Zinnia: Simplicity in Emerson's "Nature"

I have always been attentive to the theme of simplicity in Thoreau's writing. I have been less attuned to it in Ralph Waldo Emerson's thought. But the other day, as I read "Nature" in the park while preparing to teach it, I seized upon this passage:

"A man's power to connect his thought with its proper symbol, and so to utter it, depends on the simplicity of his character, that is, upon his love of truth and his desire to communicate it without loss...When simplicity of character and the sovereignty of ideas is broken up by the prevalence of secondary desires - the desire of riches, of pleasure, of power, and of praise - and duplicity and falsehood take place of simplicity and truth, the power over nature as an interpreter of the will is in a degree lost."

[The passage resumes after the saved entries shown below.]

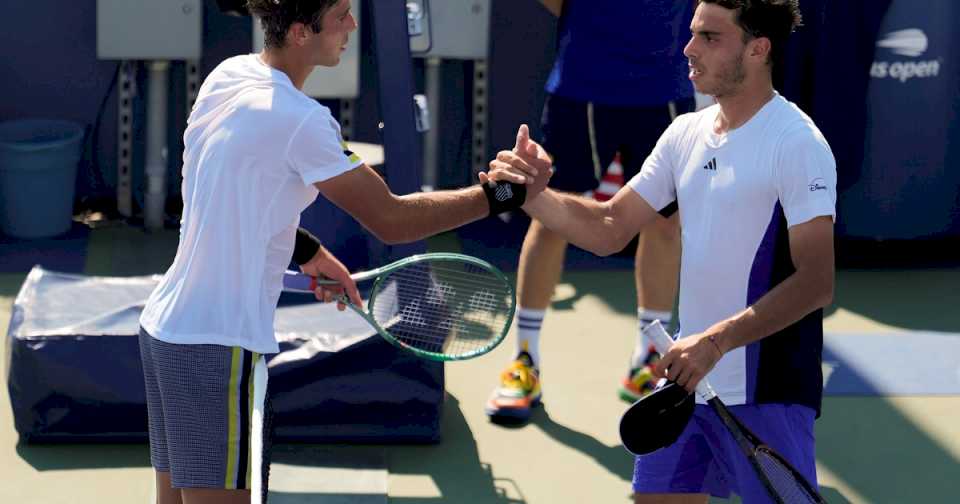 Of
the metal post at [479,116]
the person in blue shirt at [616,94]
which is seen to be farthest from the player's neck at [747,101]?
the metal post at [479,116]

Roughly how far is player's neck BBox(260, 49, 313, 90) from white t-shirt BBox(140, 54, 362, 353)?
3 centimetres

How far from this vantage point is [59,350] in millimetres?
5492

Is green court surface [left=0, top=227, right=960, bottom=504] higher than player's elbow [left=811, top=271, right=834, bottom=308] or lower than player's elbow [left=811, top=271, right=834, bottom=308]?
lower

Emerson writes this in the context of his discussion of nature and language - particular facts of nature are symbols of particular spiritual facts. Through truthful language stemming from simplicity of character we can link those natural facts to their spiritual origin.

I thought, for example, of the simplicity of zinnias. Until my recent visits to a community garden in Brooklyn, I had never really had the chance to regard these flowers - even though my own sister's name is Xinia!

Regarding a single zinnia of fuchsia petals and yellow stamens is sufficient to teach you that in simplicity lie truth, beauty, and goodness - if we will preserve these simple values and not lose them to complication and "secondary desires."